§ **Work required**
Starting from the line containing "说明文字换行2.jpg", give again every line through the end of the entries, word for word. Pictures stay out of the copy.

━━━━━━━━━━━━━━━━━━━━

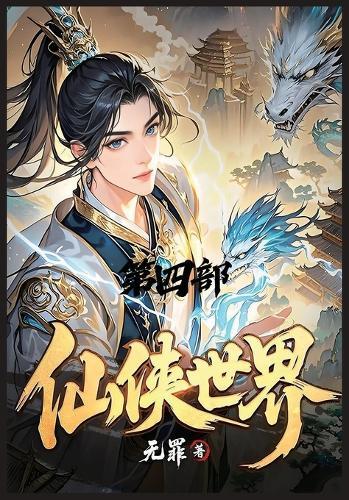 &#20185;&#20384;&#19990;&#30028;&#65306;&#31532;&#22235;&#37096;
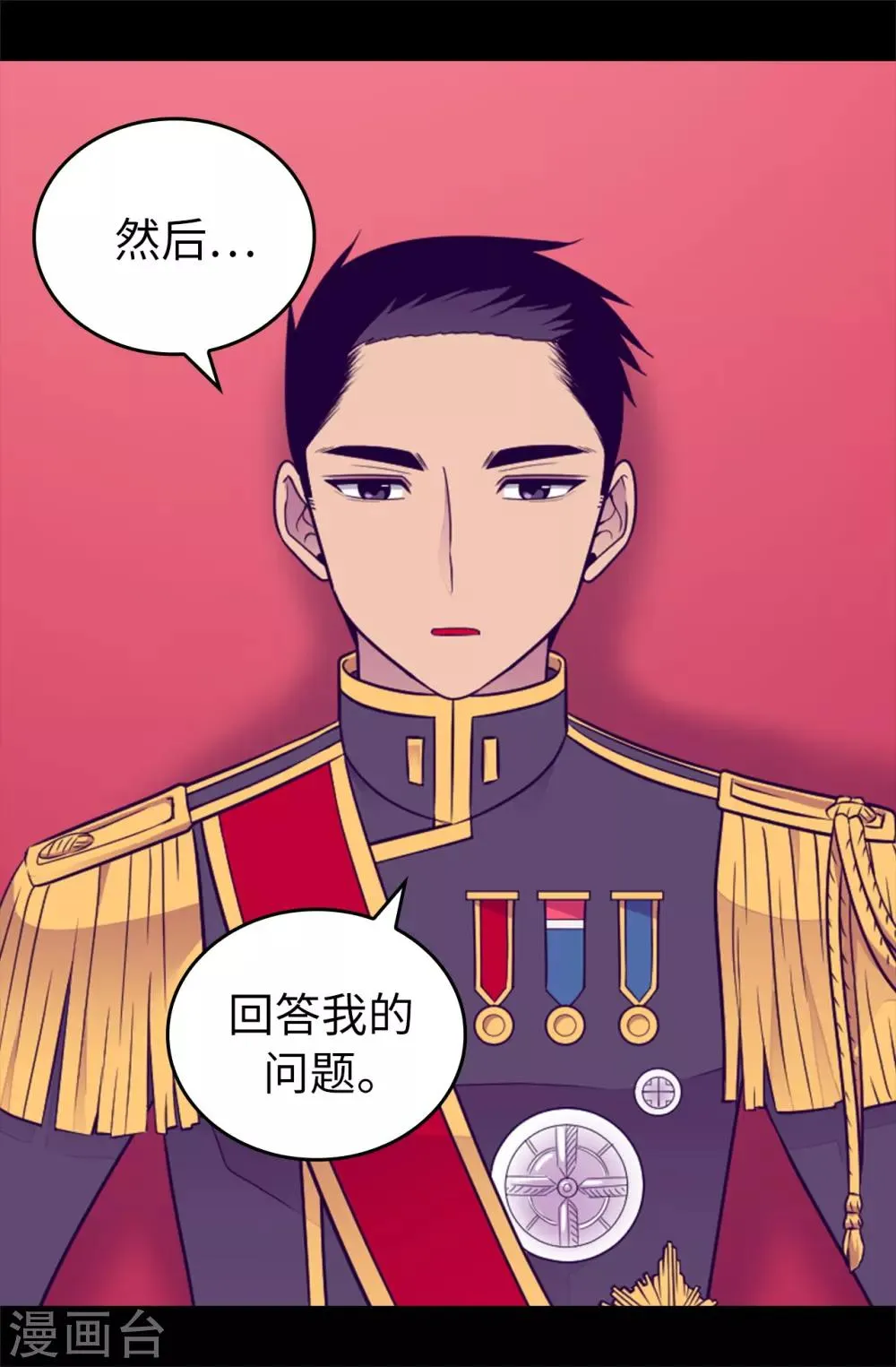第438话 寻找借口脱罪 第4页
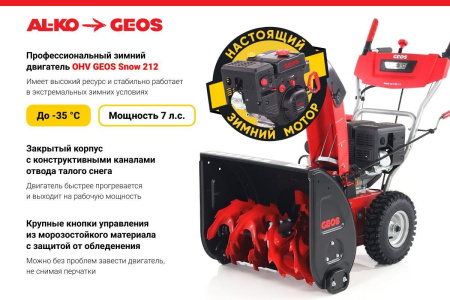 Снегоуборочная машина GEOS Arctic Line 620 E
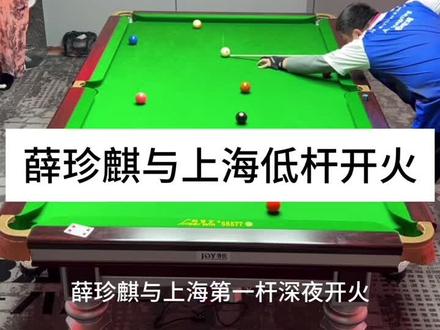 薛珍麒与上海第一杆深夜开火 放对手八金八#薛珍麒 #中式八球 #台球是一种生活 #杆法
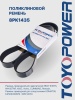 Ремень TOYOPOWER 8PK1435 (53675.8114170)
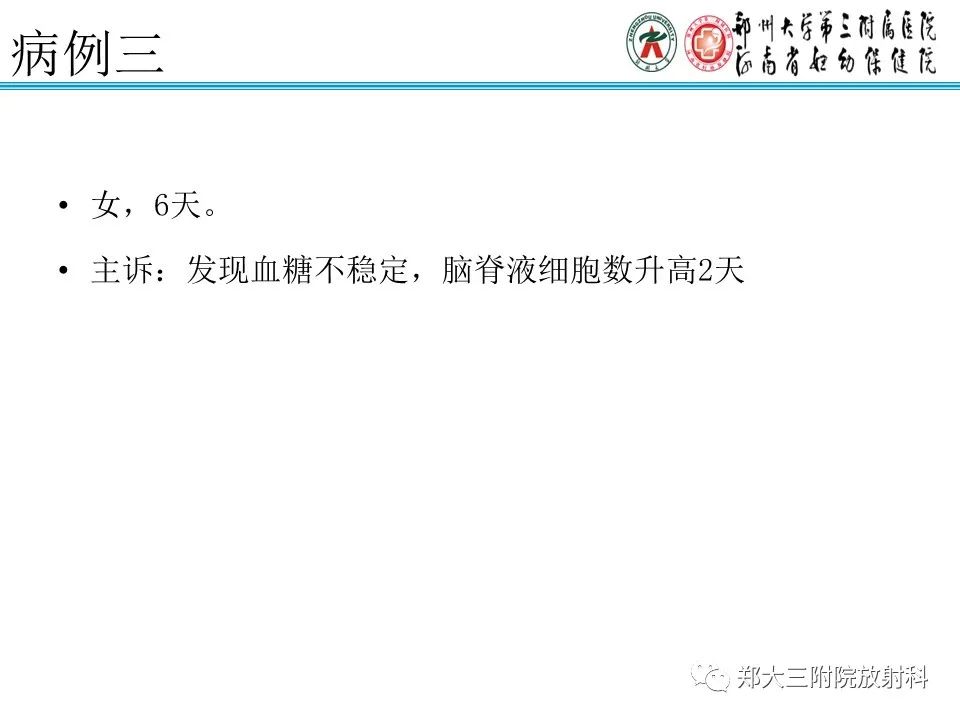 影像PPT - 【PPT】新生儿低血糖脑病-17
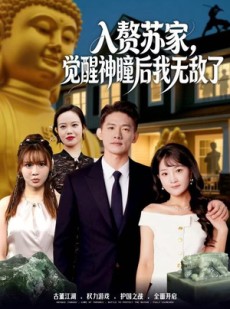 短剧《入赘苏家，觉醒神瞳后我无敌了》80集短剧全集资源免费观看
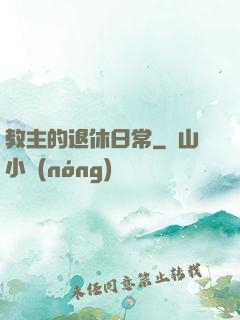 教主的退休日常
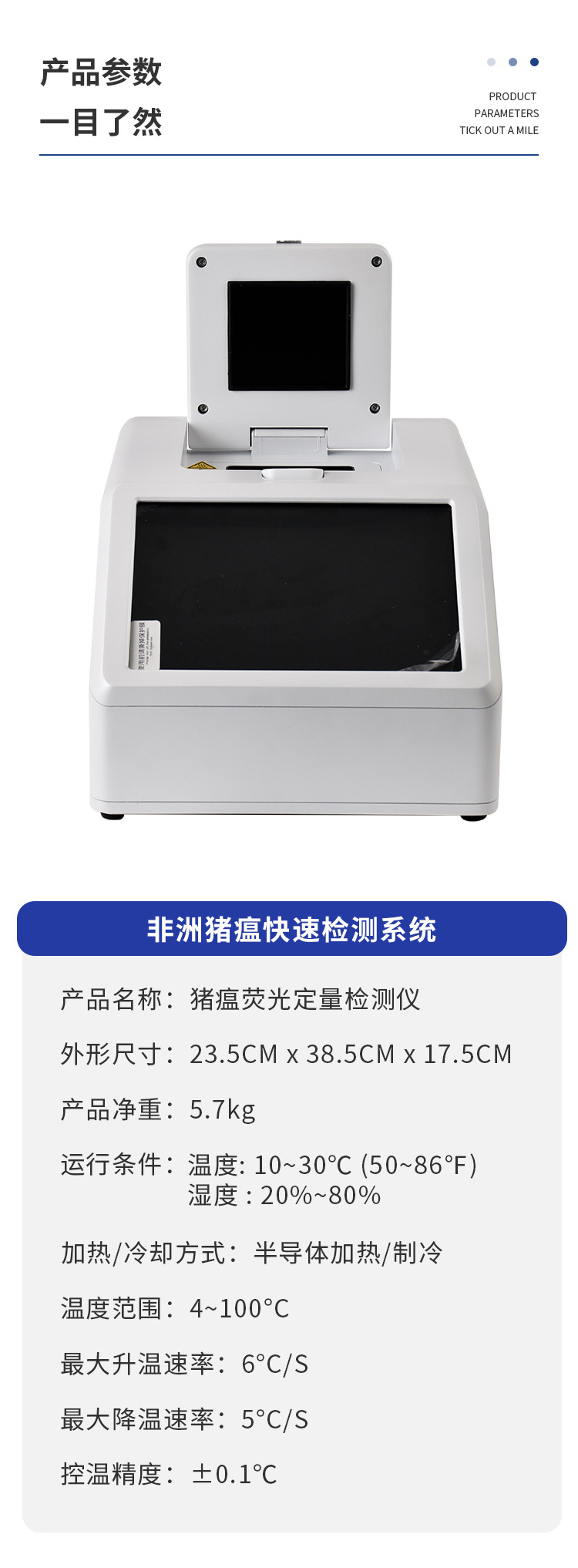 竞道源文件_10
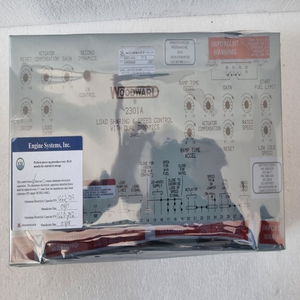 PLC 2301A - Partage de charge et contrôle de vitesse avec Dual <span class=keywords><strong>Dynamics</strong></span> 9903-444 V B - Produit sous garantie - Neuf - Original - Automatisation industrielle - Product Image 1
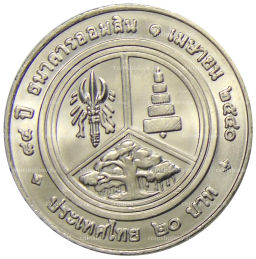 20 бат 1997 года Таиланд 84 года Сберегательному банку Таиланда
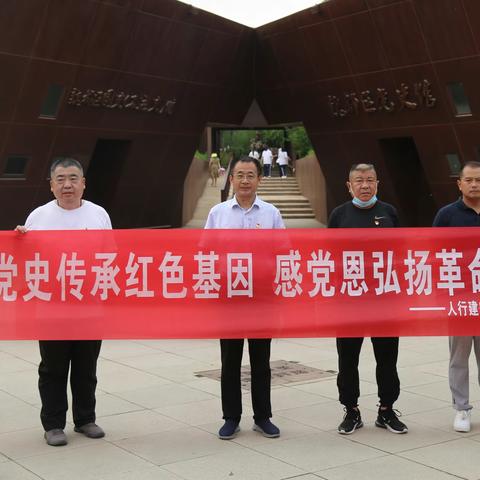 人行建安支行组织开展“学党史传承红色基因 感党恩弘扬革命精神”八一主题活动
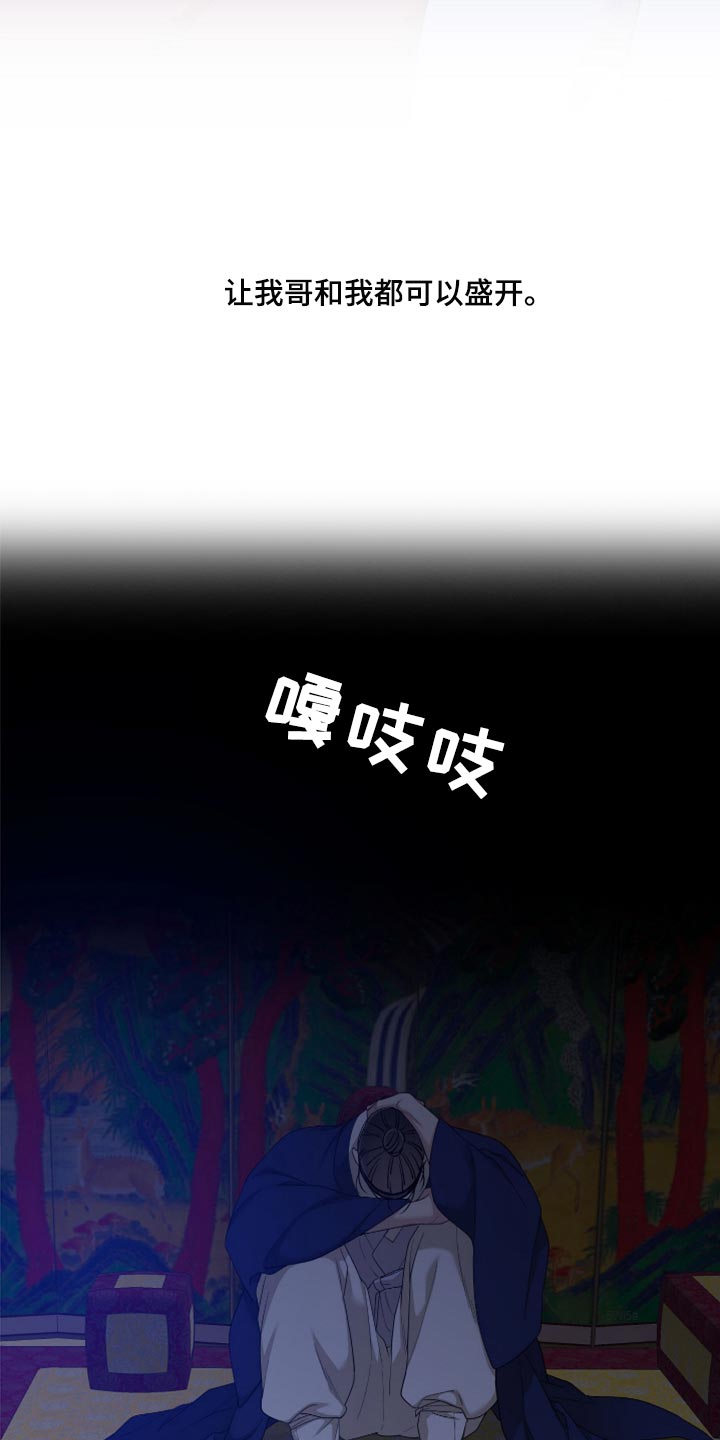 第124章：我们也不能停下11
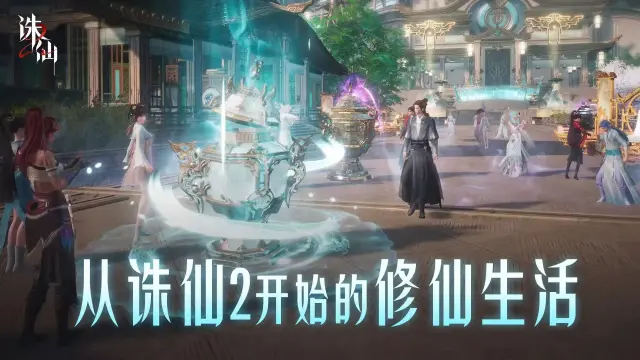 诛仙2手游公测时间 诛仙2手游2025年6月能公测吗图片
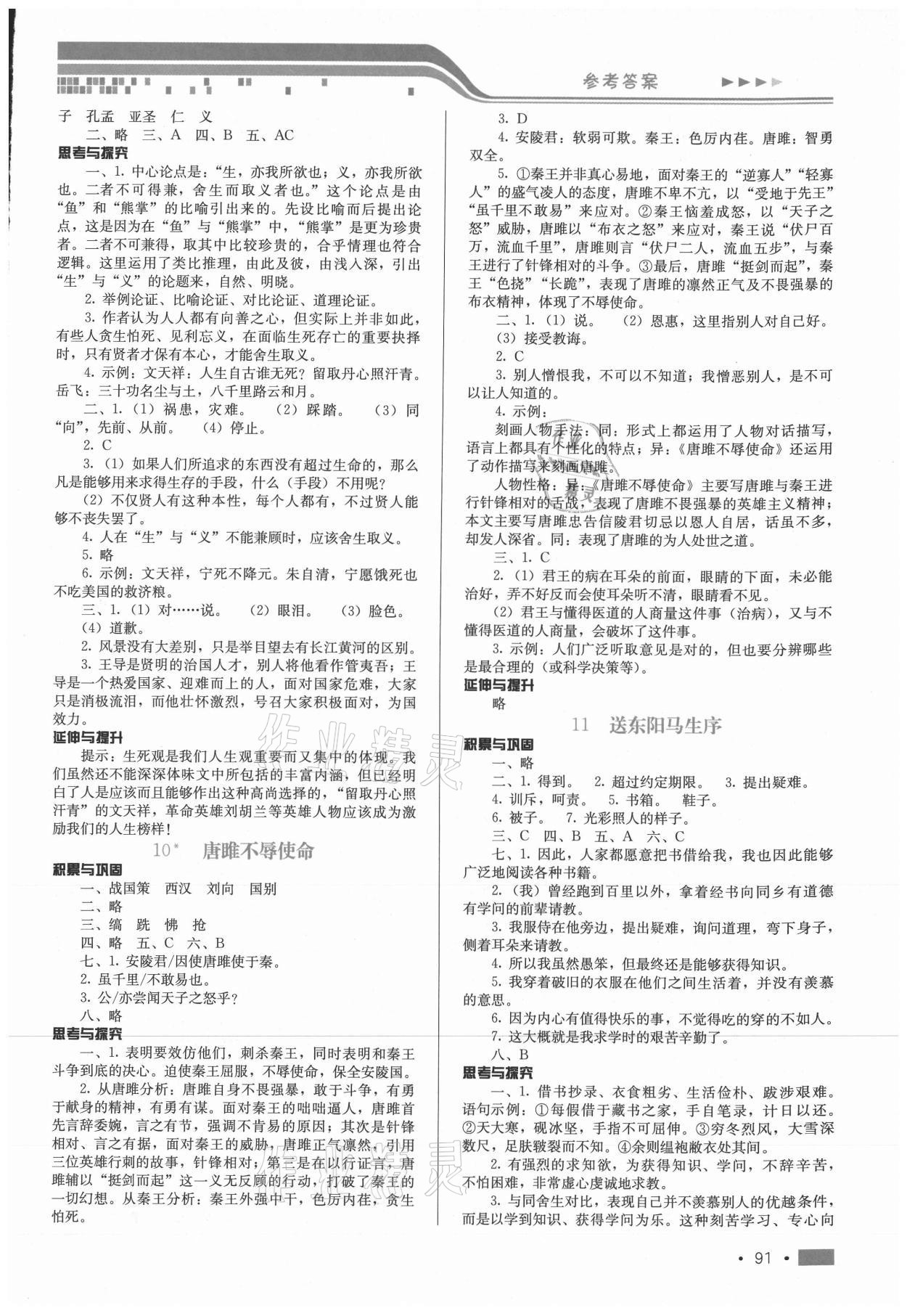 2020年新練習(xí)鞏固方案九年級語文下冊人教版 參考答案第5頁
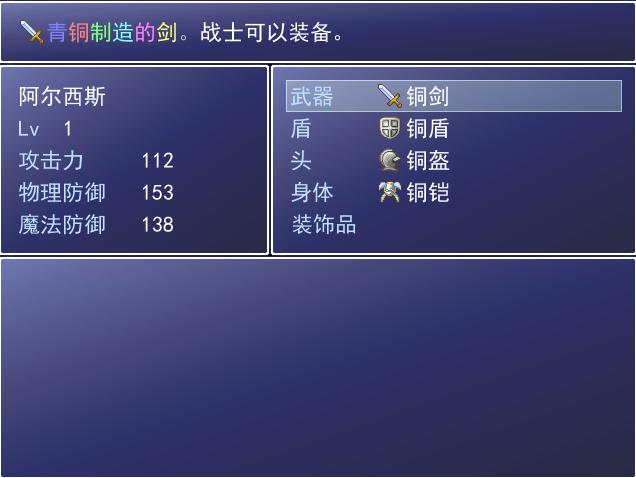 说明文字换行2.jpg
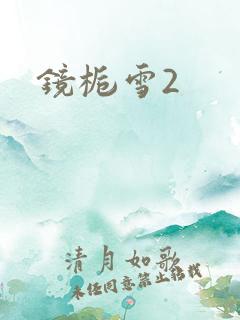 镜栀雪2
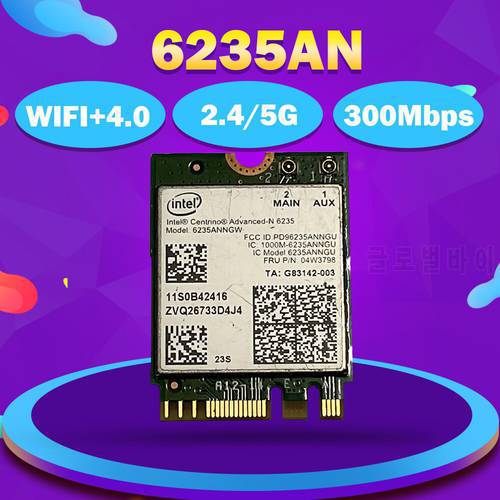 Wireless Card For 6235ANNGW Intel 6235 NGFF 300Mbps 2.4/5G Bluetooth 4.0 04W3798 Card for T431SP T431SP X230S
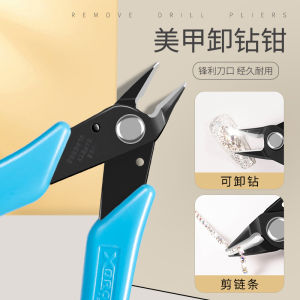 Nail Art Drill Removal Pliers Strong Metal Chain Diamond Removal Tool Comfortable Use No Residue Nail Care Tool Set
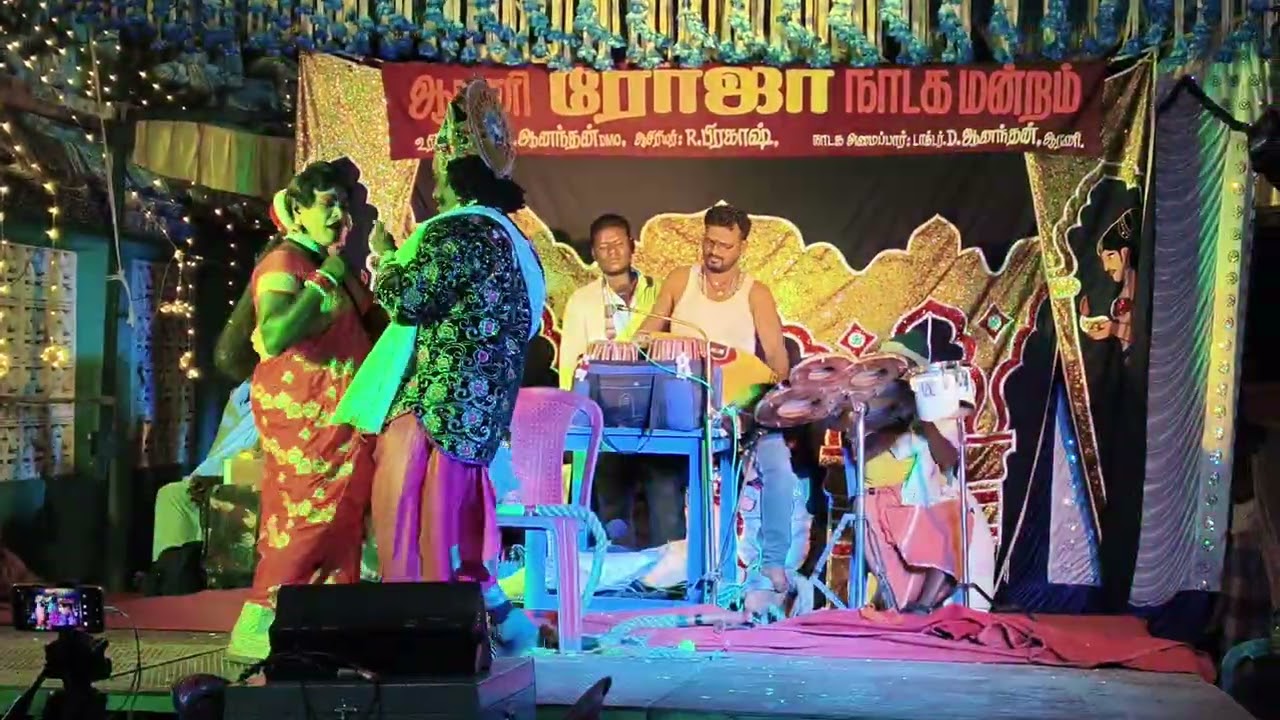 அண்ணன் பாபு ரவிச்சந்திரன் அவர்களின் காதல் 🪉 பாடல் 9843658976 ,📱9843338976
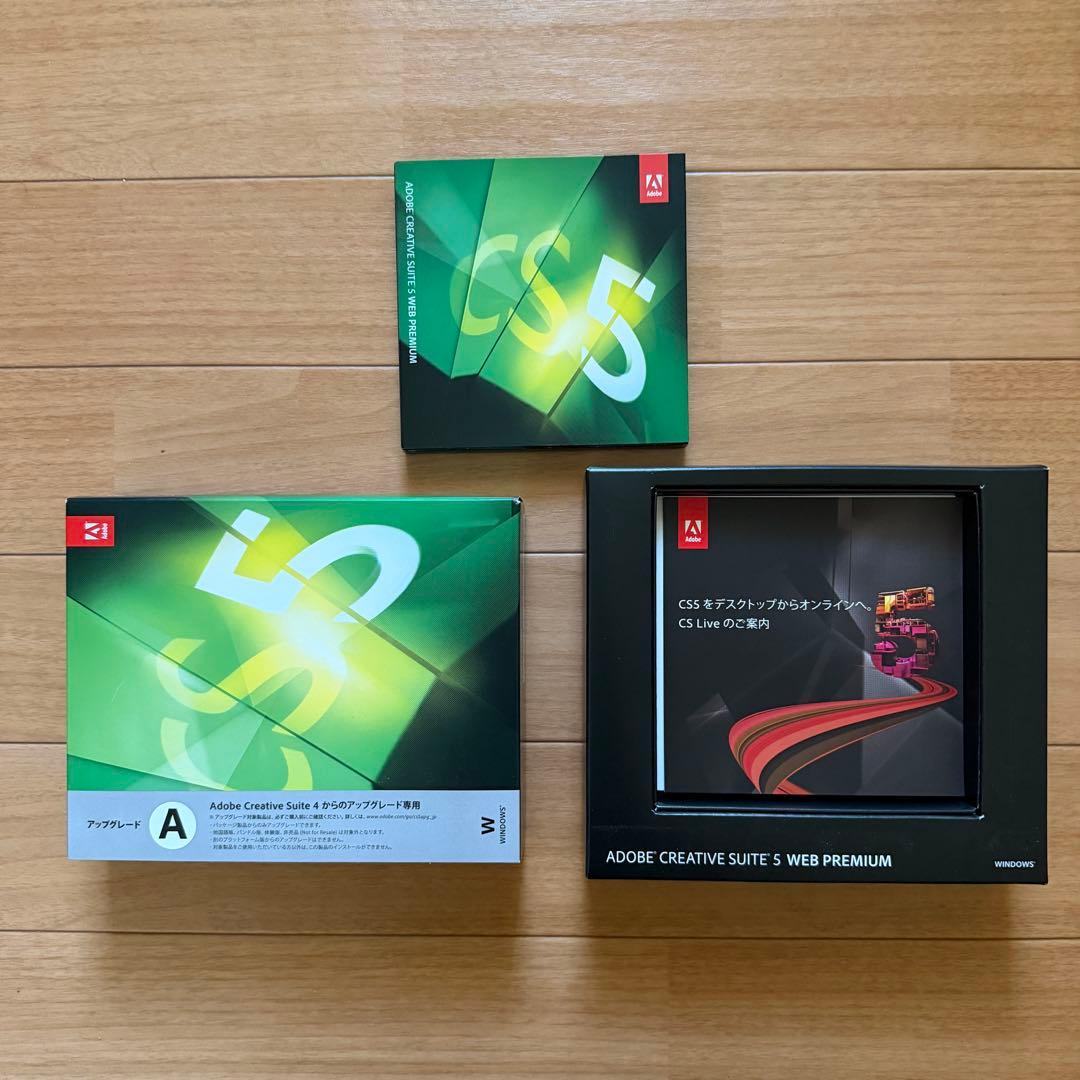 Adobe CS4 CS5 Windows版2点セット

━━━━━━━━━━━━━━━━━━━━

§ **Your solution**
 说明文字换行2.jpg
 镜栀雪2
 Wireless Card For 6235ANNGW Intel 6235 NGFF 300Mbps 2.4/5G Bluetooth 4.0 04W3798 Card for T431SP T431SP X230S
 Nail Art Drill Removal Pliers Strong Metal Chain Diamond Removal Tool Comfortable Use No Residue Nail Care Tool Set
 அண்ணன் பாபு ரவிச்சந்திரன் அவர்களின் காதல் 🪉 பாடல் 9843658976 ,📱9843338976
 Adobe CS4 CS5 Windows版2点セット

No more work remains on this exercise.